On May 1, 2020, the 49ers declined the fifth-year option on Thomas' contract, making him a free agent in 2021. During the 49ers' Week 2 matchup against the New York Jets, Thomas suffered a torn ACL and was ruled out for the rest of the season.

===Las Vegas Raiders===
Thomas signed a one-year contract with the Las Vegas Raiders on March 19, 2021. He played in all 17 games, recording 34 tackles, 3.5 sacks, and two forced fumbles.

===New York Jets===
On March 30, 2022, Thomas signed with the Jets. He was named a backup defensive tackle behind Quinnen Williams, Sheldon Rankins, and Nathan Shepherd. He played in all 17 games, recording 26 tackles, while playing 33% of snaps.

Thomas re-signed with the Jets on March 18, 2023. He played in 17 games with three starts, recording a career-high five sacks.

Thomas re-signed with the Jets again on March 21, 2024. He finished the 2024 season with 3.5 sacks, 26 tackles, two passes defended, one forced fumble, and one fumble recovery.

===Dallas Cowboys===
On March 12, 2025, Thomas signed a two-year, $8 million contract with the Dallas Cowboys. He reunited with defensive line coach Aaron Whitecotton. He appeared in all 16 games, with two starts. He registered 33 tackles (3 for loss), 12 quarterback pressures and one pass defensed. He was the Cowboys' Walter Payton Man of the Year club winner for his strong impact off the field in the community.

===Tennessee Titans===
On March 11, 2026, Thomas was traded to the Tennessee Titans in exchange for a 2026 seventh-round draft pick.
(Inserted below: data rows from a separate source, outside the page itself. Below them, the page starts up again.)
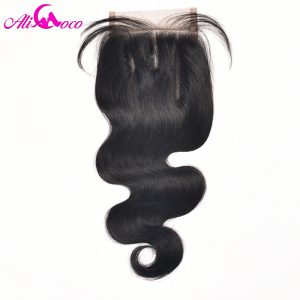 Ali Coco Hair Brazilian Body Wave 4x4 Lace Closure 8-20 inch Three Part 100% Human Hair Non-remy Natural Color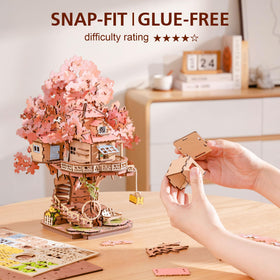 Rolife 3D puzzle sakura tree detail, lifelike centerpiece idea for living rooms.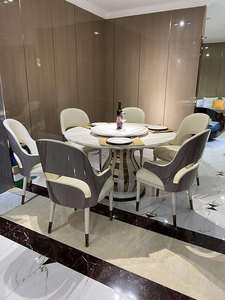 Juego de mesa de comedor de lujo MR, muebles de comedor italianos, juego de mesa de comedor superior de mármol Natural ovalado redondo, seis sillas para el hogar - Product Image 2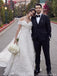 Elegant White Off-Shoulder A-Line Long Wedding Dresses With Sweep Trailing,WD0576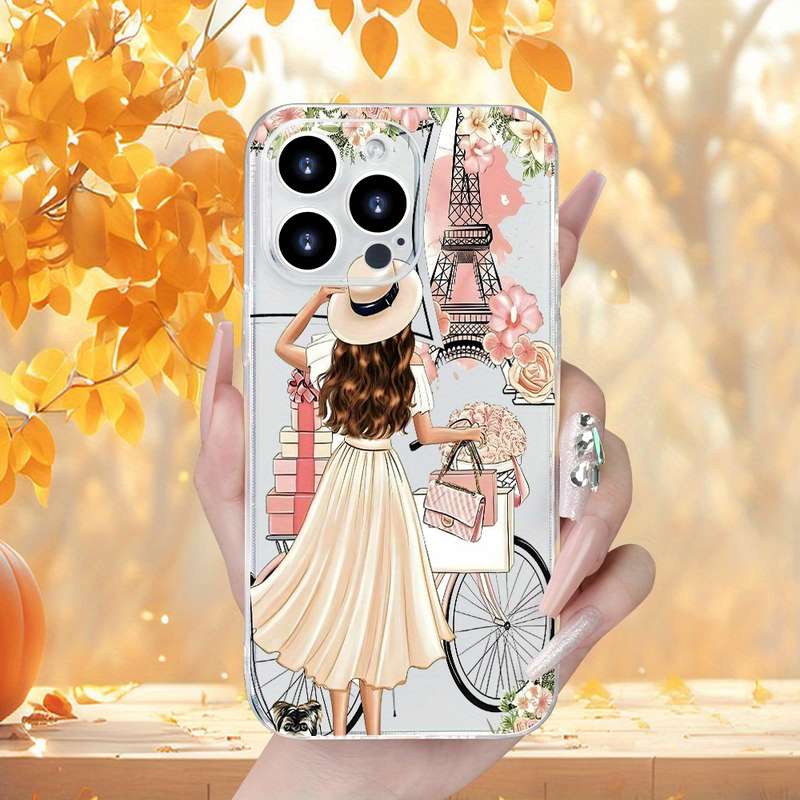 1Pc Transparent For iPhone 14 Plus Beautiful Long Hair Girl Phone Case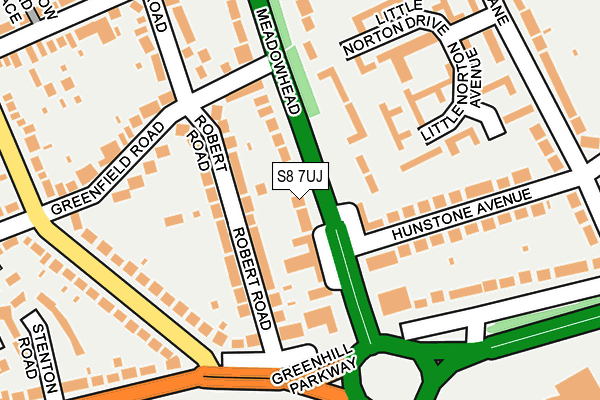 S8 7UJ map - OS OpenMap – Local (Ordnance Survey)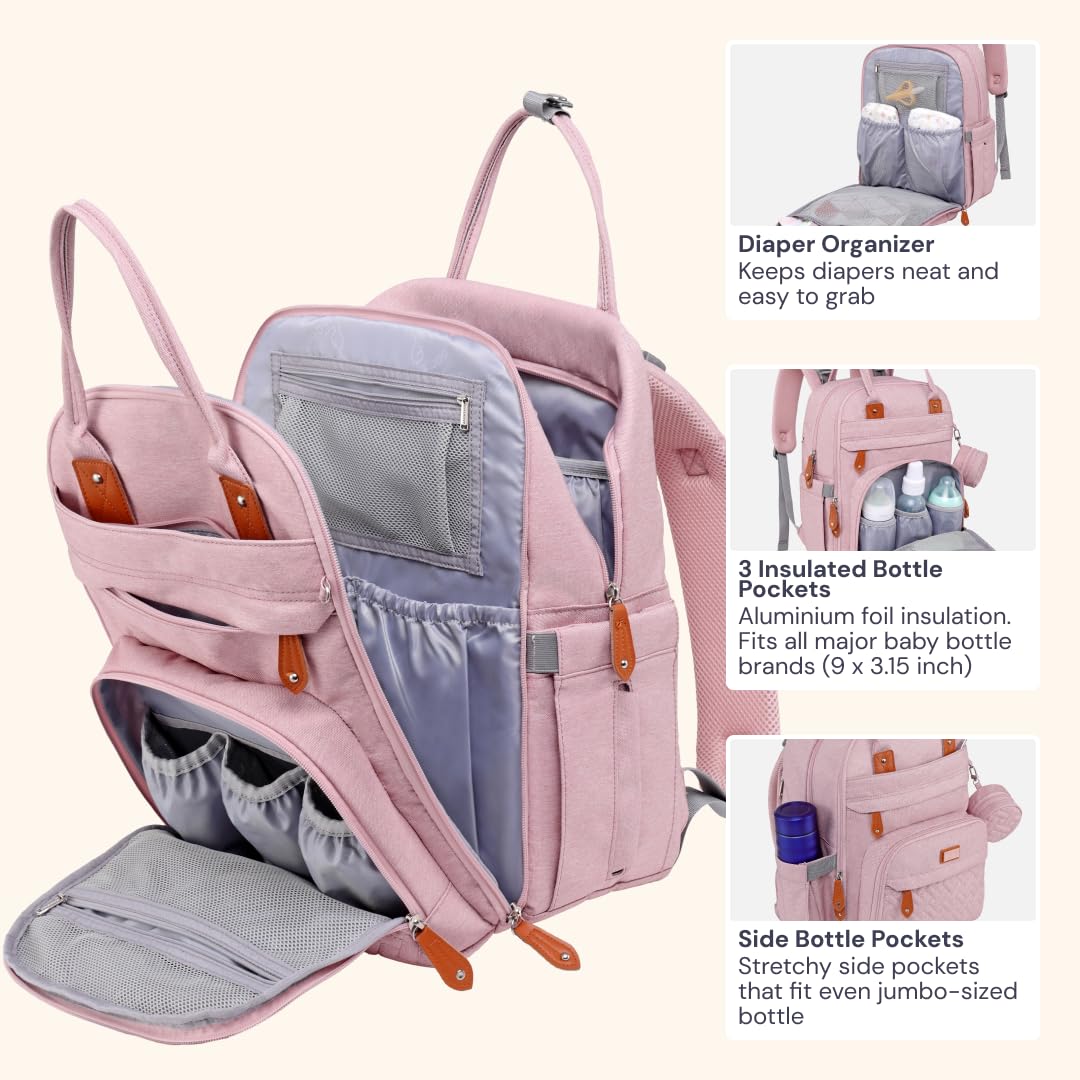 Extra Large Diaper Bag Backpack, Expandable Baby Bag with Up to 50% More Capacity - Travel Essentials Baby Bag Tote with Changing Pad, Stroller Straps & Pacifier Case - Unisex, Black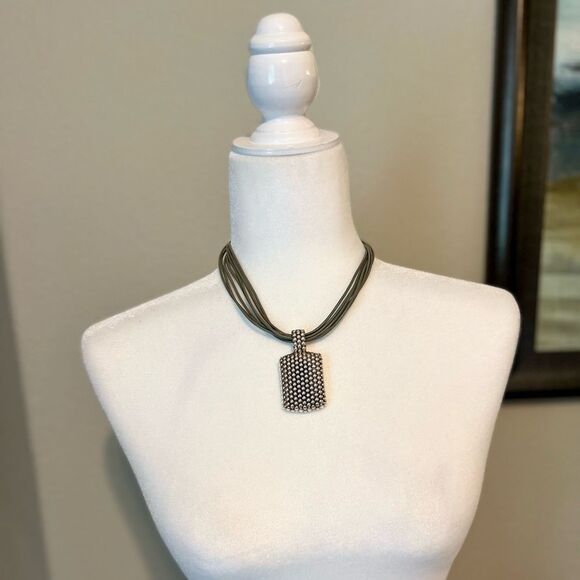 Artisan Olive Leather and Stamped Silver Pendant Necklace - Picture 11 of 15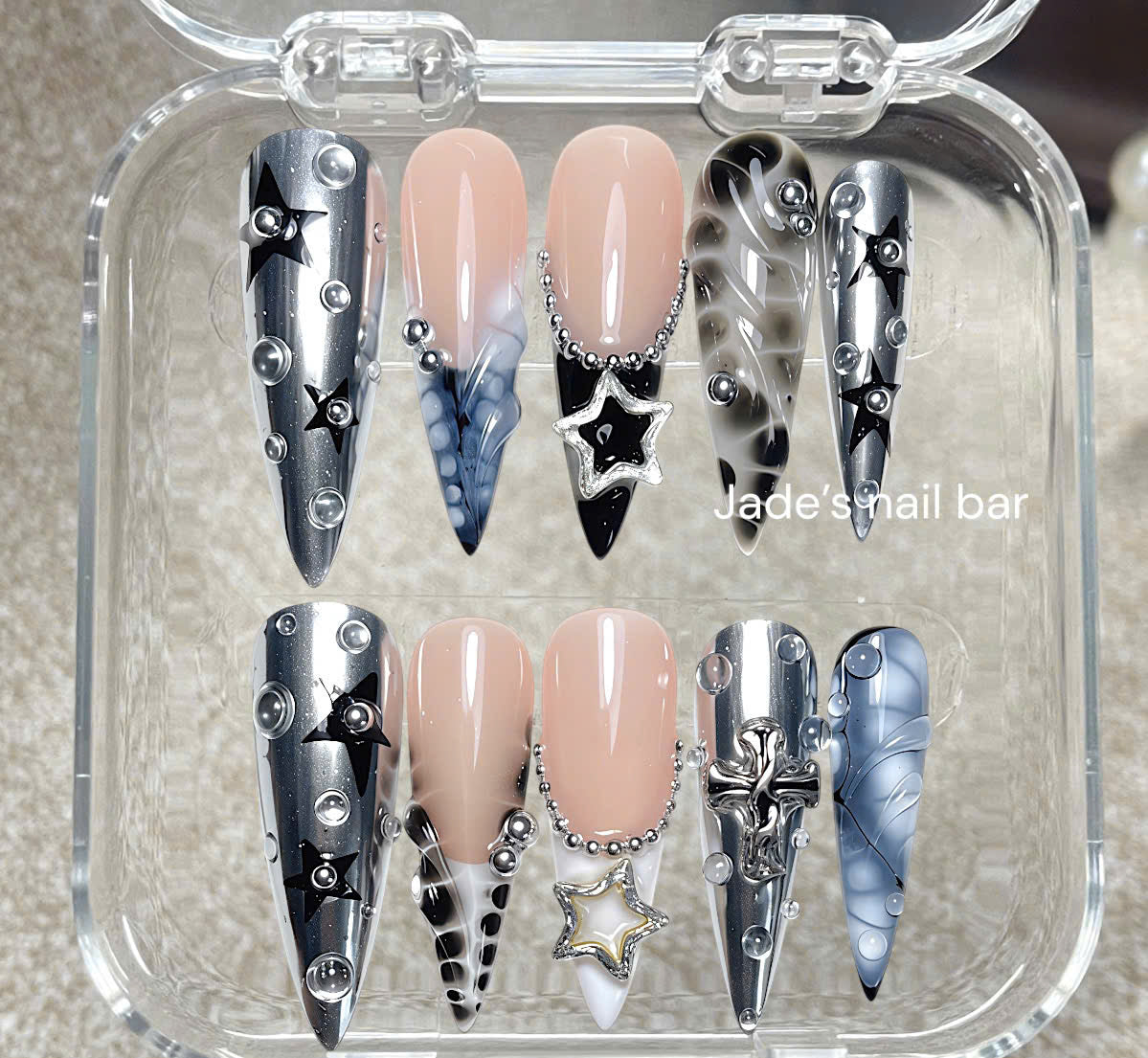 Silver Chrome Gothic Star Press On Nails| Cyberpunk Metal Stiletto Set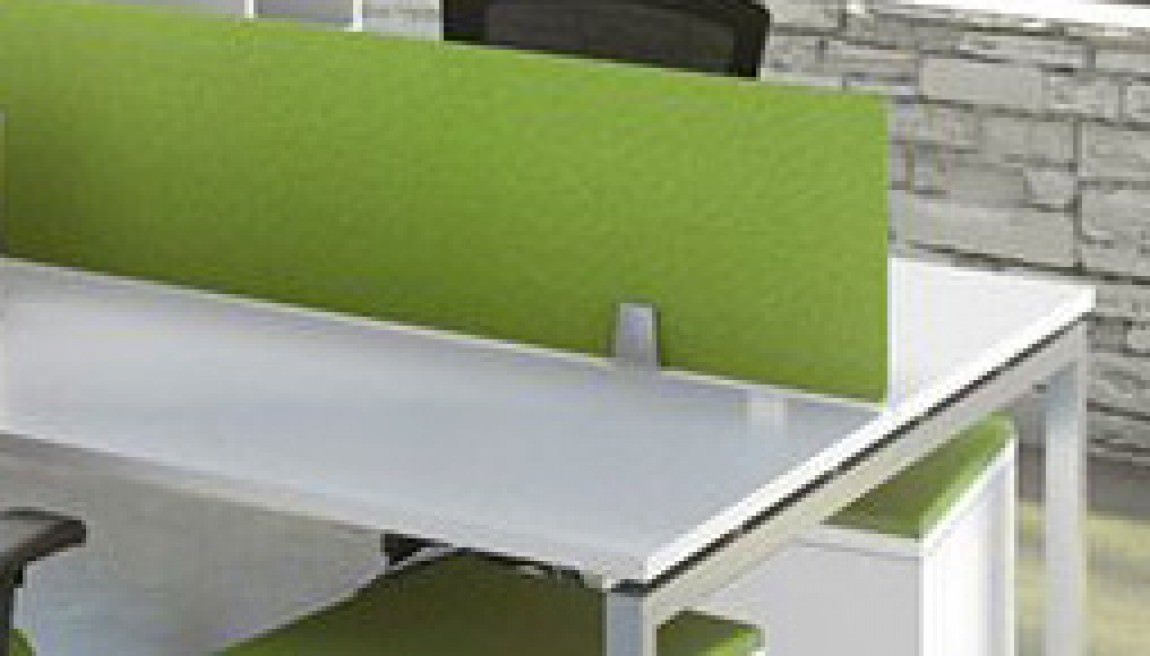 Green Fabric Divider Panels for 3 Person Open Office Desk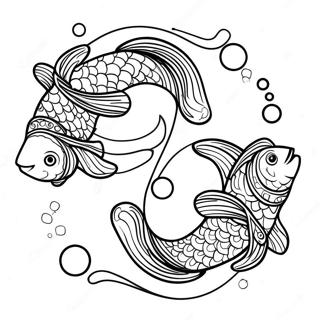 Page De Coloriage Du Signe Du Zodiaque Poissons 121217-55974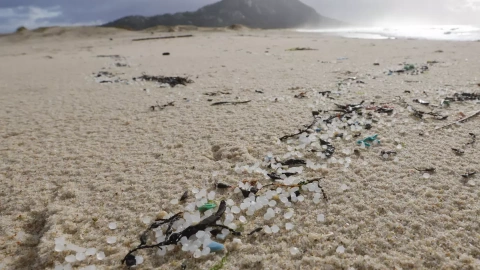Miles de bolitas de pellets para la fabricación de plásticos, procedentes de un contenedor que cayó al mar desde un barco, esta mañana en la playa de Area Maior.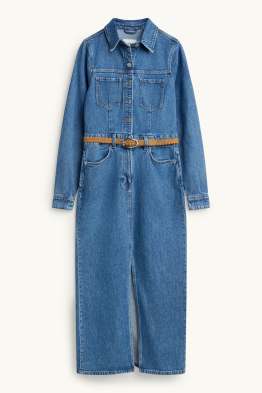 Jeans-Blusenkleid mit Gürtel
He reunited with head coach Robert Saleh.

== Career statistics ==
===NFL===

Legend
| Bold | Career high |

==== Regular season ====

Year: Team; Games; Tackles; Fumbles; Interceptions
GP: GS; Comb; Solo; Ast; Sacks; FF; FR; Yds; TD; Int; Yds; Avg; Lng; TD; PD
2017: SF; 14; 12; 41; 34; 7; 3.0; 0; 1; 0; 0; 0; 0; 0; 0; 0; 0
2018: SF; 16; 13; 31; 24; 7; 1.0; 0; 0; 0; 0; 0; 0; 0; 0; 0; 0
2019: SF; 16; 3; 21; 15; 6; 2.0; 0; 0; 0; 0; 0; 0; 0; 0; 0; 0
2020: SF; 2; 2; 2; 0; 2; 0.0; 0; 0; 0; 0; 0; 0; 0; 0; 0; 0
2021: LVR; 17; 0; 34; 17; 17; 3.5; 2; 0; 0; 0; 0; 0; 0; 0; 0; 2
2022: NYJ; 17; 0; 26; 13; 13; 0.5; 0; 0; 0; 0; 0; 0; 0; 0; 0; 0
2023: NYJ; 17; 3; 31; 15; 16; 5.0; 0; 0; 0; 0; 0; 0; 0; 0; 0; 1
2024: NYJ; 16; 1; 26; 15; 11; 3.5; 1; 1; 0; 0; 0; 0; 0; 0; 0; 2
2025: DAL; 8; 0; 18; 8; 10; 0.0; 0; 0; 0; 0; 0; 0; 0; 0; 0; 1
Career: 123; 34; 230; 141; 89; 18.5; 3; 2; 0; 0; 0; 0; 0; 0; 0; 6

==== Postseason ====

Year: Team; Games; Tackles; Fumbles; Interceptions
GP: GS; Comb; Solo; Ast; Sacks; FF; FR; Yds; TD; Int; Yds; Avg; Lng; TD; PD
2019: SF; 3; 0; 4; 4; 0; 1.0; 0; 0; 0; 0; 0; 0; 0; 0; 0; 0
2021: LVR; 1; 0; 1; 1; 0; 0.0; 0; 0; 0; 0; 0; 0; 0; 0; 0; 0
Career: 4; 0; 5; 5; 0; 1.0; 0; 0; 0; 0; 0; 0; 0; 0; 0; 0

===College===

College statistics
| Season | Games | Tackles | TFL | Sack | FF |
|---|---|---|---|---|---|
| 2015 | 14 | 39 | 10.5 | 3.5 | 0 |
| 2016 | 13 | 62 | 15.0 | 8 | 1 |
| Career | 27 | 101 | 25.5 | 11.5 | 1 |

==Personal life==
Thomas's older sister died by suicide in 2018 at the age of 24. He founded "The Defensive Line", a nonprofit organization aiming to reduce youth suicide.